As long as the exhaust ducting and pipe work doesn't touch anything combustible, you should be fine. Where did you install the shed inlet vents and the exhaust fan?


----------



## Bluwolf (Nov 8, 2020)

OrlyP said:


> All that heat from the combustion has to go somewhere so yes, most of the heat is generated by the engine.... I'd say 80-90% of it. The power head windings also produce a good deal of heat, especially when they're loaded. Not as much as the engine but significant enough that it has its own blower.
> 
> As long as the exhaust ducting and pipe work doesn't touch anything combustible, you should be fine. Where did you install the shed inlet vents and the exhaust fan?


Thanks OrlyP. I understand that it all makes heat. But I was specifically asking about the exhaust ducting. I have an intake vent on the left and an exhaust fan on the right. The exhaust goes out the back. When in use, the gas cans and shelf come out. Then the propane tanks are spread apart to expose the intake vent. See picture below.

My thought was, if I shorten the exhaust ducting that would reduce an X amount of heat. Less surface area to be radiating heat. There is cement board on the back of the shed, and the hole that passes through the shed is much larger than the exhaust duct. In other words, the heat passing through the shed back wall is not an issue. But, would wrapping the exhaust ducting with a silicone hose or exhaust header wrap reduce the heat build up in the shed. Or am I over-thinking all this?


----------



## OrlyP (Oct 19, 2021)

You are overthinking it a little bit. The fan should be able to provide enough airflow to prevent any heat soaking. But as a precaution, you may want to put a remote thermometer that will notify you in case the temperature goes past a certain threshold (ie. in the event that the fan fails).

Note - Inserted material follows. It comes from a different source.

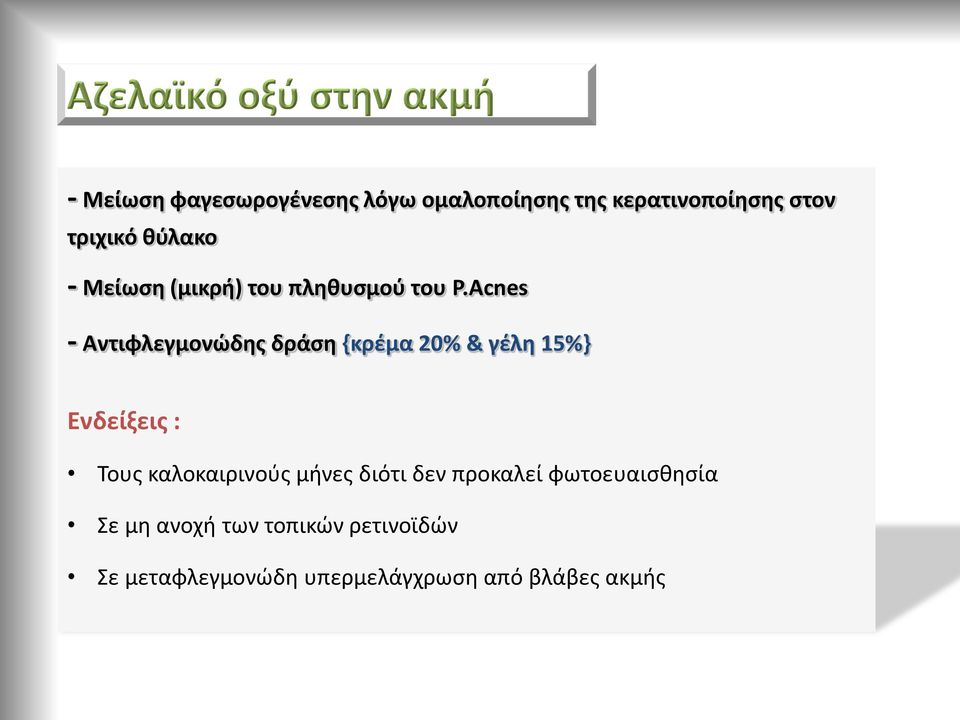 Acnes - Αντιφλεγμονώδης δράση {κρέμα 20% & γέλη 15%} Ενδείξεις : Τους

But if you want to insulate the pipe so there's less heat that can escape within the shed, however negligible in the grand scheme of things, I'd probably choose the header wrap.

I wouldn't want to move the generator closer to the back of the shed as that will restrict airflow on that side of the generator.


----------



## Bluwolf (Nov 8, 2020)

OrlyP said:


> You are overthinking it a little bit. The fan should be able to provide enough airflow to prevent any heat soaking. But as a precaution, you may want to put a remote thermometer that will notify you in case the temperature goes past a certain threshold (ie. in the event that the fan fails).
> 
> But if you want to insulate the pipe so there's less heat that can escape within the shed, however negligible in the grand scheme of things, I'd probably choose the header wrap.
> 
> I wouldn't want to move the generator closer to the back of the shed as that will restrict airflow on that side of the generator.

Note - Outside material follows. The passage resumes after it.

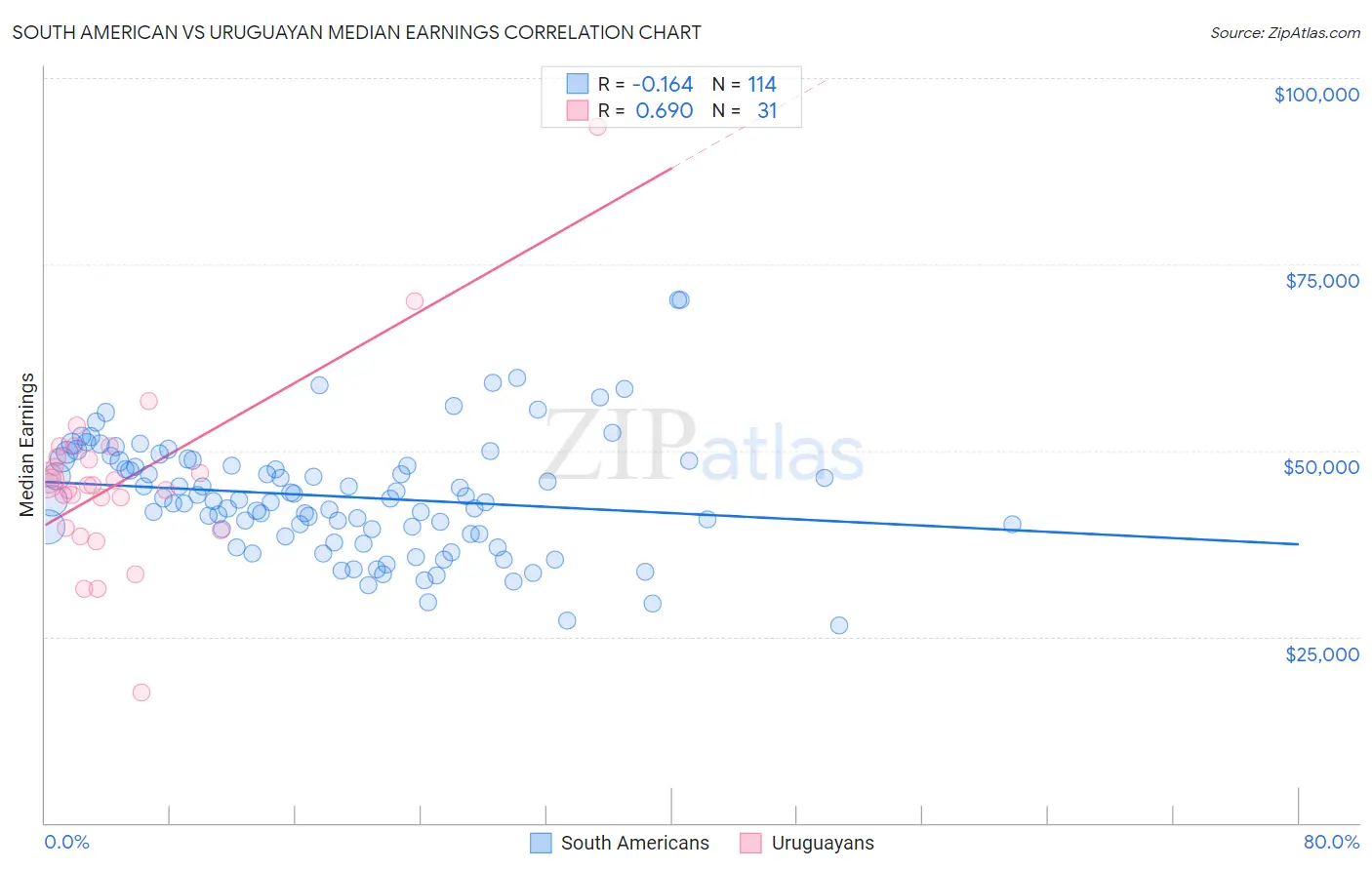 South American vs Uruguayan Median Earnings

Good point about restricting air flow on that back side. I have a remote thermometer in there when it's running. Sometimes it's just a bit warmer than I would like. The manual says keep it under 120 degrees. I've been close to that in the summer here in SW Florida. I just figured as long as I would be moving the shed I would have to empty it, and that would be the time to make modifications.


----------



## OrlyP (Oct 19, 2021)

I think they mean to say that the generator shouldn't operate in >120°F ambient temperature. Does it get anywhere near that temp inside the shed?


----------



## Bluwolf (Nov 8, 2020)

OrlyP said:


> I think they mean to say that the generator shouldn't operate in >120°F ambient temperature. Does it get anywhere near that temp inside the shed?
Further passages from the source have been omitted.